Every business directly or indirectly depends on data. We live in a fast-paced world. And to keep up with its speed, we need data on the fly. Hence, handling and processing data efficiently has become very crucial. Elasticsearch is a great search engine that helps retrieve data in near-real time and also helps store data efficiently to do so. High performance of Elasticsearch is significant in order to meet business needs. Especially as data grows and complexity increases, you start seeing adverse effects if performance isn’t high. And to help you with that, let’s go through different ways of improving Elasticsearch performance, metrics to monitor, and tips on scaling. To close, we’ll also cover an Elasticsearch alternative.
You might be either someone who’s just decided to use Elasticsearch or someone who already uses Elasticsearch, sees your business growing, and wants to be prepared for what may come. Planning ahead always has benefits. So if you want to build and configure a high-performing Elasticsearch, here are the most important points to focus on.
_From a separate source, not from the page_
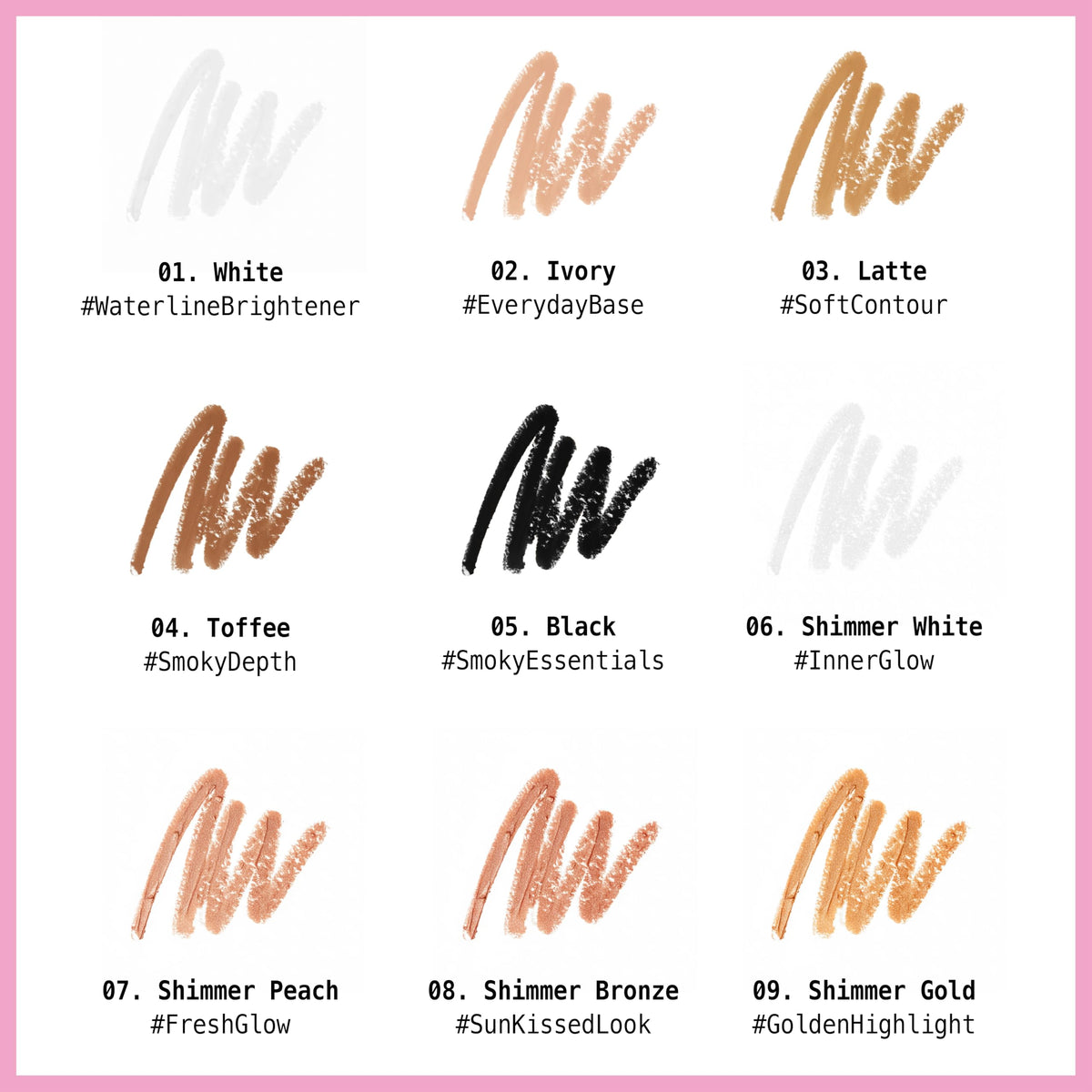 Ruby Kisses Jumbo Eye Pencil With Sharpener, Thick Eyeliner Pencil For Eye Shadow Primer & Highlighter on Waterline & Inner Corner, Blendable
You can do all the optimization possible, but if you don’t have enough hardware, you’ll still fall short on performance. For high performance of Elasticsearch, you should mainly focus on cache, disk space, CPUs, and RAM. The reason you’ve chosen Elasticsearch instead of a traditional database is probably that you’re dealing with a humongous amount of data and you want quick access. And hardware plays a very important role.
Do your homework, and understand your business needs. Think of how much and how often you’ll have to store, query, and manipulate data. This will help you understand how much hardware you would need for smooth working. Along with quantity, quality also matters. For example, using SSDs would increase performance far more than when using HDDs.
2. Load Balancing
In production, you most probably have multiple nodes running. If you have a large number of requests, you’ll have to divide this load between the nodes to decrease strain on a particular node. Load balancing is a straightforward way to do this. Load balancing is a feature that distributes the load coming to an endpoint across multiple nodes. This reduces the load on each node, thus increasing performance.
Load balancing in Elasticsearch is rather easy. Load balancers are a part of the Elasticsearch cluster by default. You just have to enable them. Configuring a node as a coordinating only node will enable smart load balancing. It will distribute the requests, collect results after processing, and merge these results to form and return a final result. You can also decide the number of load balancers and configure accordingly.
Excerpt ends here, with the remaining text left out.